Dārziņš won five out of eight possible awards in the new choral compositions competition at the 8 th General Latvian Song Festival, for four arrangements of folk songs and his original composition “Birzēm rotāts” (Adorned by Birch Groves). Already as a student, he began writing about music for the Latvis newspaper and the Burtnieks, Mūzikas Apskats and Latvju Mēnešraksts periodicals. In 1934 he became the editor of the music section at the Rīts newspaper, and during the war he published articles in Tēvija. Dārziņš later also wrote for Latvian exile publications in Germany and the United States.
Having fled from Latvia as a refugee at the end of the Second World War, Dārziņš arrived in Berlin, then Ehingen on the banks of the Danube River, and eventually settled in Esslingen after the end of the war. He emigrated to the United States in 1950 and settled in Spokane, Washington, where he began teaching at the local conservatory and also played the organ and conducted the choir in the local Lutheran church. However, he soon abandoned those activities to focus on performing as a pianist. He did six large concert tours as a pianist between 1952 and 1956 for a total of about one hundred concerts, not counting smaller solo concerts. He performed Chopin, Beethoven, Scarlatti, Mozart, Schumann, Debussy and sometimes also his own compositions. According to musicologist Arnolds Klotiņš, “Dārziņš’ performance is characterised by great spiritual tension and the quelling of the sensual, sentimental side of music in favour of logically constructive expression and clarity.”
Dārziņš moved to Seattle in 1955, where he taught piano to graduates of the Music Department of the University of Washington (Seattle). During this period he performed only upon special invitation and generally only for audiences of music connoisseurs; he also served as a juror for a variety of American music competitions. He turned his attention to studying Latvian folk songs, as evidenced by his in-depth article “Latvju tautas melodiju veidi un īpatnības” (Types and Peculiarities of Latvian Folk Melodies, published in Vol. 11 of the 1956 “Copenhagen/Imanta” collection of Latvian dainas), which includes examples of 120 melodies and eight maps, as well as the many lectures he gave on the subject in the mid-1950s. Dārziņš’ compositions for piano and his arrangements of folk songs also reflect a strong influence from folk music, not in the form of quotations or allusions but at a much deeper level.
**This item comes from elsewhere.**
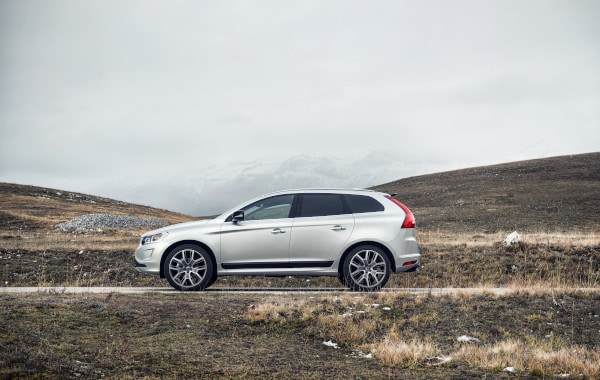 2018 Volvo XC60 parked in a field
Klotiņš again: “Apparently his goal was to intercept and recreate the tonal, and especially the metro-rhythmic and constructive, elements of Latvian folklore as well as in some cases the reconstruction of the archaic aesthetics of folk music.”
Dārziņš’ post-war compositions were gradually published by Alfrēds Kalnājs’ publishing house in Chicago, and the composer himself participated in the typesetting process. All of his main compositions were published by 1962, and the most important of these were included the Dow Publishers, Inc. (New York) catalogue of new music in 1960. Dārziņš received the American Latvian Association’s Cultural Foundation Award in 1953 as well as its honorary award in 1962. After his death on June 24, 1962, the University of Washington established the Volfgangs Dārziņš Commemorative Foundation and organised several large commemorative concerts. Dārziņš was reinterred in the Mārtiņš Cemetery in Riga next to his father in 1999.
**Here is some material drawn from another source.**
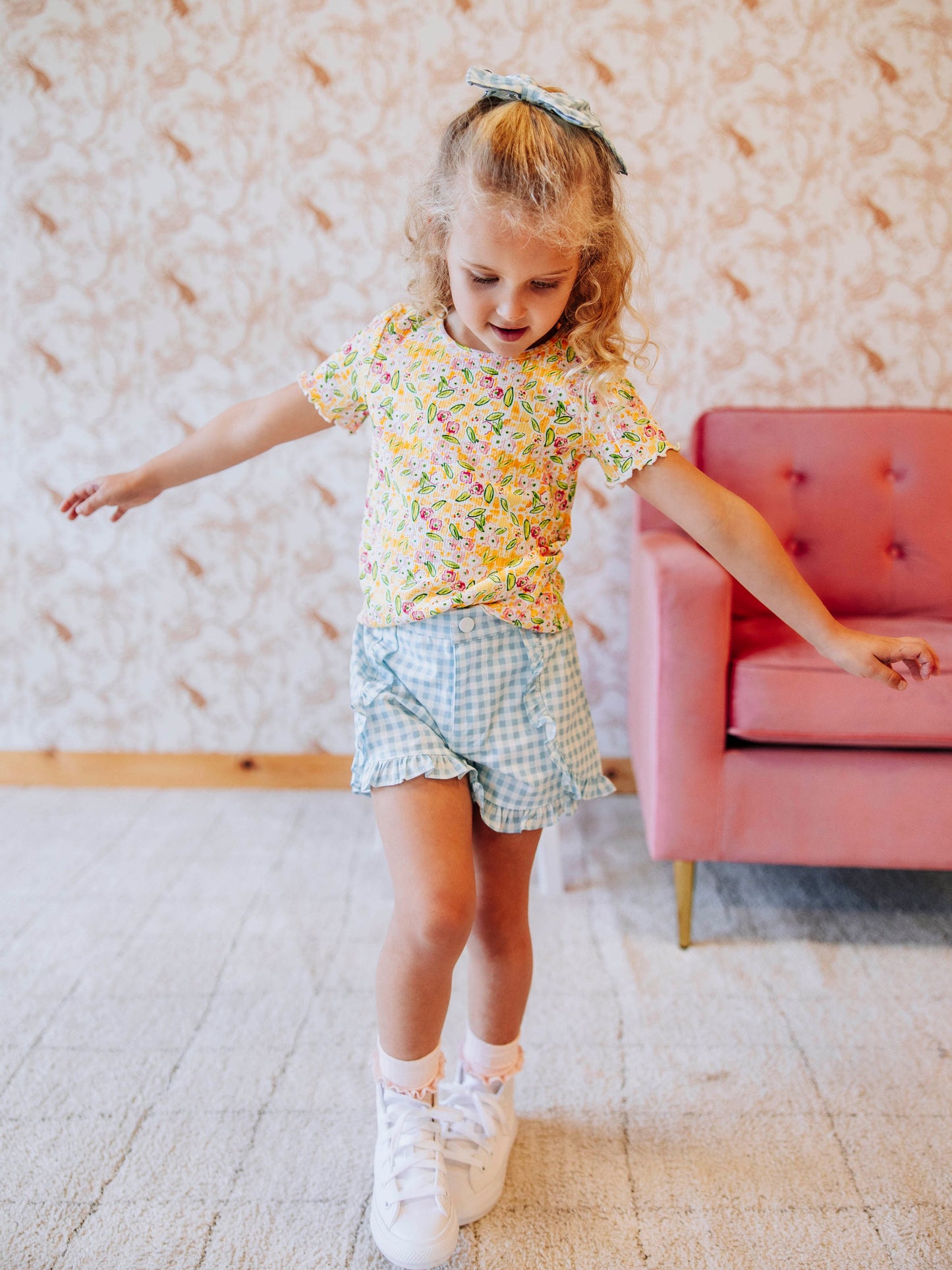 Frilled Sleeve Shirt - Happy Yellow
Dārziņš’ contribution to Latvian music is still not fully comprehended and appreciated. He is one of those rare composers who sought and found his own independent style in contrast to the tradition of romanticism founded by Jāzeps Vītols, in which the work of most post-war Latvian composers was rooted. Klotiņš has commented: “Whether consciously or not, in the post-war years Dārziņš took on a mission in the modern development of Latvian music that no other composer had previously undertaken nor, it seems, has done so since, at least in the genre of instrumental music. Namely, he took a step that has been taken by the musical cultures of certain other European nations, the benchmark of which was set by Béla Bartók in Hungary. This was a step away from using a relatively new, late folk lyricism towards the reinterpretation and development in an instrumental style of the formative, constructive and colouristic possibilities of an older stratum of folk music. In this respect, Dārziņš, like Bartók, also bid farewell to romanticism and moved towards neoclassical structures. These qualities, as well as the shift in emphasis from the vocal music so traditional to Latvians to the genre of instrumental music, made
Dārziņš’ musical legacy something thoroughly new and still not fully comprehended in the otherwise generally vocalised and emotionalised landscape of our music.”